Eddie Vedder, la cover di "Imagine" di John Lennon

Dopo le polemiche dei giorni scorsi sulle sue dichiarazioni pacifiste che avevano fatto infuriare gli israeliani, impegnati in questi giorni in un durissimo attacco a Gaza, Eddie Vedder è tornato indirettamente di nuovo sull’argomento (dopo un’ulteriore precisazione, affidata ad un comunicato stampa) eseguendo una cover di Imagine, il classico di John Lennon.

Il musicista, impegnato in un concerto in Portogallo, ha proposto il brano per la prima volta, introducendolo con queste parole: «Credo si tratti della canzone più potente mai scritta. Ecco perché non l’ho mai suonata. Ora mi sembrava ci fosse una buona ragione per farlo. Se volete unirvi a me, usare le vostre voci o accedere una luce, ci sono un po’ di persone lì fuori che hanno bisogno di sapere che non sono sole».

Ecco il video con la performance:

Due settimane fa, durante un concerto in Inghilterra, aveva preso duramente posizione contro le operazioni militari israeliane in corso in Palestina. «Lo giuro sul fottuto Dio – aveva detto Vedder -, ci sono persone là fuori in cerca di una ragione per uccidere! Cercano un motivo per attraversare i confini e prendersi una terra che non gli appartiene. Dovrebbero andarsene e pensare ai cazzi loro!».

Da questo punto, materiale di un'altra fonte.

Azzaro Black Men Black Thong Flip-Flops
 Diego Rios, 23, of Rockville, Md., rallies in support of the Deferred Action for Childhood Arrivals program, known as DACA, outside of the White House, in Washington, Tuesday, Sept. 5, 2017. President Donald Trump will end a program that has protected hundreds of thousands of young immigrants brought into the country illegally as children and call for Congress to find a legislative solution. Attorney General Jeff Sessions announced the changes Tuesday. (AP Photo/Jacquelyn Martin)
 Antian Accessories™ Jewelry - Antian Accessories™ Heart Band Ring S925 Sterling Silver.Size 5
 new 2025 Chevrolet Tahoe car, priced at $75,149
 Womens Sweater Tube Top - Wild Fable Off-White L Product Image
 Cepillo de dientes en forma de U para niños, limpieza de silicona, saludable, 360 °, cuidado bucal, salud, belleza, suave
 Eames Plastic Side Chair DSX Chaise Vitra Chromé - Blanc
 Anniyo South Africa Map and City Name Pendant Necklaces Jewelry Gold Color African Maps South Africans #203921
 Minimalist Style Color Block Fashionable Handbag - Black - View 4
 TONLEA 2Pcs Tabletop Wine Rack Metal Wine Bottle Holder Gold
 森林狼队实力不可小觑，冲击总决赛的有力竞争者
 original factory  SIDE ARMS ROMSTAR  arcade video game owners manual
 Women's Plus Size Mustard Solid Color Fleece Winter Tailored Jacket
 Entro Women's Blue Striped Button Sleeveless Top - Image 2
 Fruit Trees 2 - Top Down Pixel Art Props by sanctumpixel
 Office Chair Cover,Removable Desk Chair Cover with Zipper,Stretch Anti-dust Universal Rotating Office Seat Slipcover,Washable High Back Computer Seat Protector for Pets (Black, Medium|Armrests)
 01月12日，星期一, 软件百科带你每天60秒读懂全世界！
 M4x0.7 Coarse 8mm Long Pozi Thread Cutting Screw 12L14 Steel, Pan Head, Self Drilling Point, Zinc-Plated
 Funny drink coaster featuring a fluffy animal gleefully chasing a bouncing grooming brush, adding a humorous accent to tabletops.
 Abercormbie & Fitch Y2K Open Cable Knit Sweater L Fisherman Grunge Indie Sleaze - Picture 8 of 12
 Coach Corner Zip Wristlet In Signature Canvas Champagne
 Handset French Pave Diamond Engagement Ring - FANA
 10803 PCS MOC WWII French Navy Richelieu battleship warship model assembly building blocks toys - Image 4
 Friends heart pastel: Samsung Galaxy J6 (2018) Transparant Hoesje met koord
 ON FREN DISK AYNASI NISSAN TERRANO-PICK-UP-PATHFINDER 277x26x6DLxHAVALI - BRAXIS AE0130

Le repliche non si erano fatte attendere, con le critiche del Jerusalem Post e di molti fan su Facebook, che avevano accusato Vedder di parlare in modo “irresponsabile” e di “esagerare”. Vedder a sua volta aveva poi replicato con un comunicato ufficiale (che, per altro, citava proprio Imagine in apertura e in chiusura), in cui scriveva: «Chiamatemi naïf, ma preferisco essere naïf, sincero e pieno di speranza piuttosto che rassegnarmi a non dire nulla per paura che le mie parole vengano male interpretate e delle conseguenze. La maggior parte delle persone su questo pianeta sono più consumate dalla ricerca dell’amore, della salute, di una famiglia, del cibo e di un rifugio che non da qualsiasi tipo di guerra». «Non so come elaborare il sentimento di colpa e complicità che provo quando sento della morte di una famiglia causata dall’attacco di un drone americano – aggiungeva Vedder -. Ma so che non possiamo rassegnarci a che la tristezza di trasformi in apatia. E so che staremo molto meglio quando impareremo a venirci incontro gli uni con gli altri».